At any rate, I also had to replace U-1, T-5 and R-84, all most likely damaged by my reverse plug-in. Also, the 1A fuse (F-2) was blown on both amps.
So, my advice on these things is to check T-14 first! That transistor being loose caused (IMHO) every other problem I had with each amplifier.
Thank you again Enzo for being the catalyst in this procedure.
I unpluged the preamp but still get a hot resistor situation, r17 and r 64 still start to smoke. could q5 and q18 be the culprits??or is it further in?
I'd check all the semiconductors in that area, specifically D40,41,13,14. Also, D9 can be a problem. I wouldn't suspect Q5 or Q18 to be the problem here.
Save yourself a lot of grief and check all the semiconductors on that board. I assume you know how to properly check semiconductors...
Hi friends, why don't you post the schematic, so we can all share the fun?
After some time, all this unreferenced C13 Q21 IC2 talk becomes a little boring
Happy new year.
Diodes 13 14 40 41 check out fine in the circuit, looks like a forward voltage of around .520v I did check around with the fluke but I am not sure what reading I should be getting with all the componets in the circuit.
Do you recomend takin each component off the board to check?
Well, now that I have 5 minutes free to sip a delicious green tea cup, I have this beast on my screen.
To begin with, I find the output transistors quite wimpy for what is expected them to do.
+/- 70V (or 140V total as was previously stated) are no-kidding voltages.
The 2SC5200 shows that they crumble (their SOA, that is) above 50V, where all their curves bend downwards sharply.
The short-circuit protection provided is very primitive Zener diode current limiting (to 10A Pk), which would mean milliseconds of survival.
I know, I know, they are powered subwoofers and thus isolated from the cruel "outside" world, but they have the worst load to drive: *sub*-woofers, with their complex impedance, lots of kickback (EMF) voltage , heavy cones attached to long coils immersed into powerful magnetic fields, a bipolar transistor nightmare. (MosFets handle that much better).
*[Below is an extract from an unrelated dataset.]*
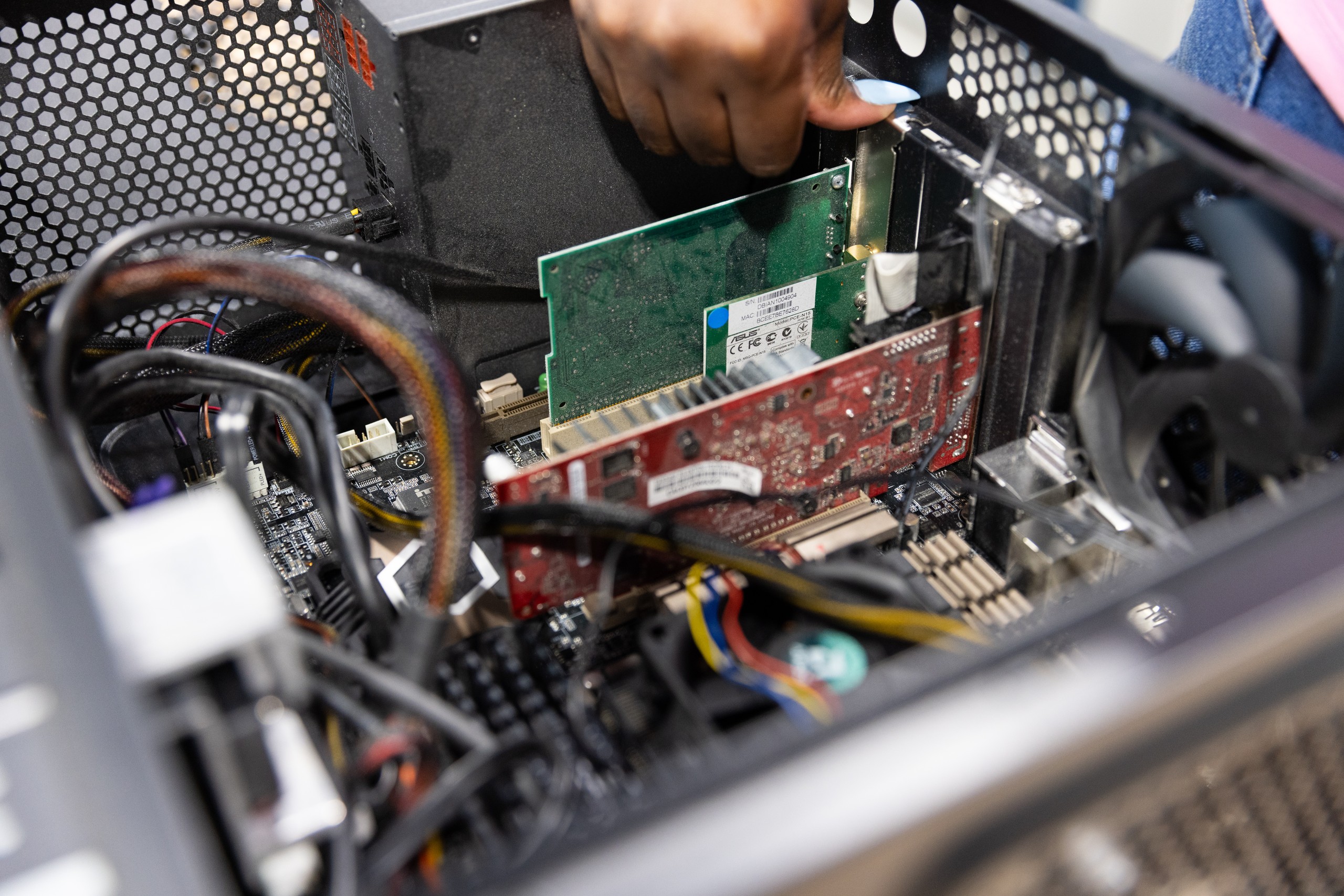 Network Operations and Systems Security lab, photo 2 of 6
Besides, the dissipation capabilities are marginal, I would have used 4 TO218 class devices there, not two.
Maybe somebody can suggest beefier transistors there.
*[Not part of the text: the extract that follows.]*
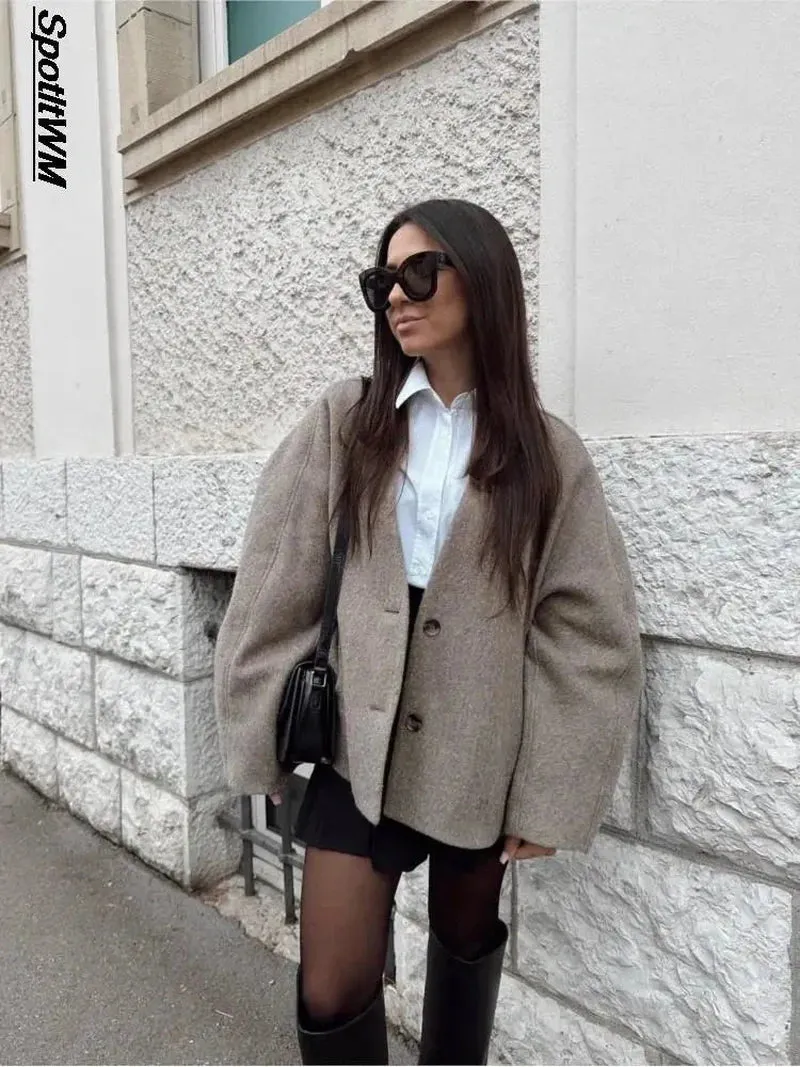 Chloe - Chic oversized blazer for minimalist style and comfort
What the designer did not spend on protection or dissipation, was wasted on what I think is a floating (maybe "intelligent"?) center tap for the power supply , courtesy of those IRF640s and all the complex schematic to the right of the output transistors.
The schematic to the left is a relatively conventional power amp.
R64 and R17 smoking probably mean base-collector shorts in Q5 and Q18, (*if* the output transistors are alive); otherwise their base-emitter diodes would not allow more tan 1 V (very worst case) across them, *or* R63 and R16 might be open.
OK, I'll go to work a little.
I think there's more going on than meets the eye here. The power supply has a switchmode chopper of some sort in it, and there are two sets of high-current rails.
To me it looks like some horrible combination of Class-D and Class-H. The power amp normally runs off +/-25v, and the chopper kicks in on signal peaks to pump up the outer pair of rails (connections "1" and "2" on right hand side of page 1) to the required voltage.
This explains why they can get the rated power from one pair of transistors: dissipation is reduced because they're running in Class-H, G or whatever.
I don't see any Class-D modulator in the circuit, though, so maybe it's just what Douglas Self called "syllabic Class-G". The outer rails aren't adjusted up and down, they're simply turned on when they're needed.
This also explains the "intelligent centre tap", it means they only need one chopper in the power supply instead of two, so it saves money.
You might think this would generate lots of HF distortion, and it probably does, but why would that matter when it's driving a subwoofer in a bandpass cabinet.
Mackie don't generally make bad stuff.
"Enzo, I see that you replied parasitic oscillations. Is that a hypothesis? Or is that your amazing metal band I should check out?"